You are viewing a plain text version of this content. The canonical link for it is here.
Posted to user@drill.apache.org by Andrew Pashkin <an...@gmx.co.uk> on 2019/12/18 14:26:39 UTC

How to force Drill to offload performing LIMIT onto the target storage?

Hello!

I have a setup where I'm querying Impala server through JDBC connection
using Drill and I noticed that when I'm doing a simple GROUP BY query
with LIMIT with a small value the query runs for a very long time. And
in the query profile I see that hundreds of thousands of rows are being
fetched from the Impala server.

The plan looks like this:

00-00    Screen : rowType = RecordType(DATE payment_date, ANY total_sum): rowcount = 10.0, cumulative cost = {331.0 rows, 2671.0 cpu, 0.0 io, 0.0 network, 1760.0000000000002 memory}, id = 67521
00-01      Project(payment_date=[$0], total_sum=[$1]) : rowType = RecordType(DATE payment_date, ANY total_sum): rowcount = 10.0, cumulative cost = {330.0 rows, 2670.0 cpu, 0.0 io, 0.0 network, 1760.0000000000002 memory}, id = 67520
00-02        SelectionVectorRemover : rowType = RecordType(DATE payment_date, ANY total_sum): rowcount = 10.0, cumulative cost = {320.0 rows, 2650.0 cpu, 0.0 io, 0.0 network, 1760.0000000000002 memory}, id = 67519
00-03          Limit(fetch=[10]) : rowType = RecordType(DATE payment_date, ANY total_sum): rowcount = 10.0, cumulative cost = {310.0 rows, 2640.0 cpu, 0.0 io, 0.0 network, 1760.0000000000002 memory}, id = 67518
00-04            HashAgg(group=[{0}], total_sum=[SUM($1)]) : rowType = RecordType(DATE payment_date, ANY total_sum): rowcount = 10.0, cumulative cost = {300.0 rows, 2600.0 cpu, 0.0 io, 0.0 network, 1760.0000000000002 memory}, id = 67517
00-05              Project(payment_date=[TO_DATE($0)], payed_in_usd_amt=[$11]) : rowType = RecordType(DATE date_field, REAL value_field): rowcount = 100.0, cumulative cost = {200.0 rows, 600.0 cpu, 0.0 io, 0.0 network, 0.0 memory}, id = 67516
00-06                Jdbc(sql=[SELECT * FROM `Impala`.`<my schema>`.`<my table>` ]) : rowType = RecordType(<my fields>): rowcount = 100.0, cumulative cost = {100.0 rows, 100.0 cpu, 0.0 io, 0.0 network, 0.0 memory}, id = 67435

It seems like Drill issues SELECT * FROM <Impala> query to perform
group-by and limit on the host which seems terribly inefficient and
could be performed by Impala itself with much less effort.
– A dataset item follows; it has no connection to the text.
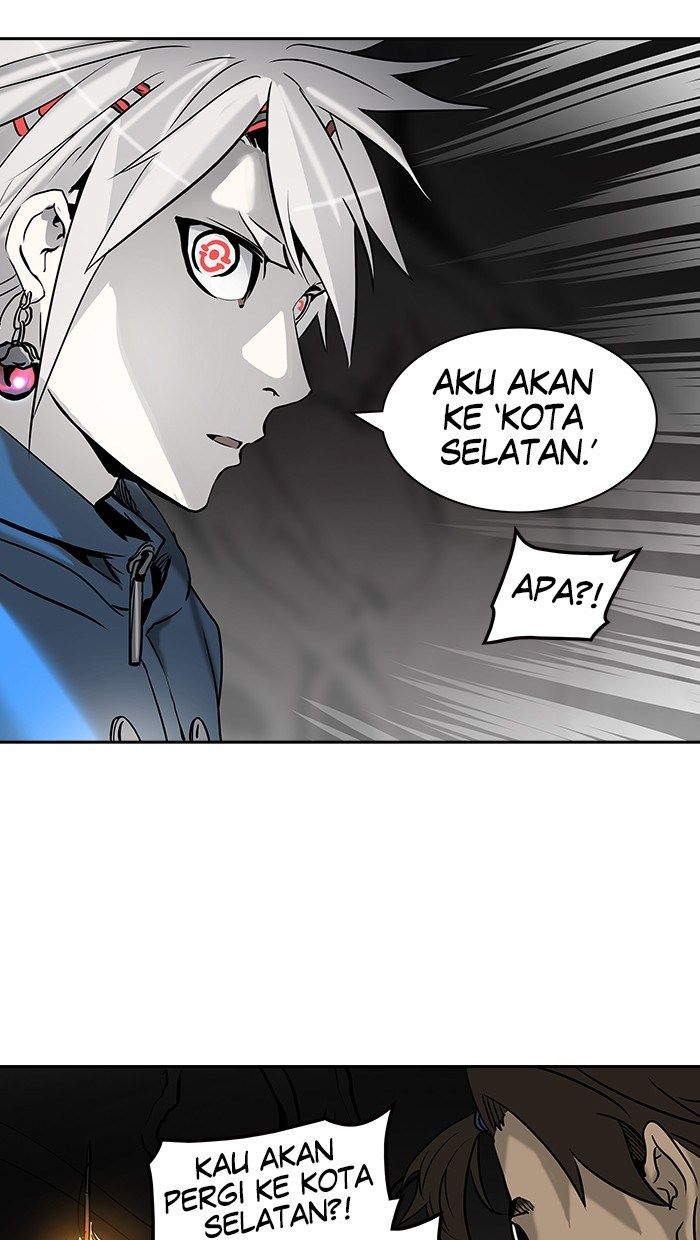 Tower of God Chapter 314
I wonder - is it possible to tune Drill somehow to perform
limit/group-by using the storage capabilities (Impala in my case)? Or if
such optimization is something do be developed - is it absent only for
JDBC connections or for all storage types?

--
With kind regards, Andrew Pashkin.
cell phone - +375 (44) 492-16-85
Skype - waves_in_fluids
e-mail - andrew.pashkin@gmx.co.uk


Re: How to force Drill to offload performing LIMIT onto the target storage?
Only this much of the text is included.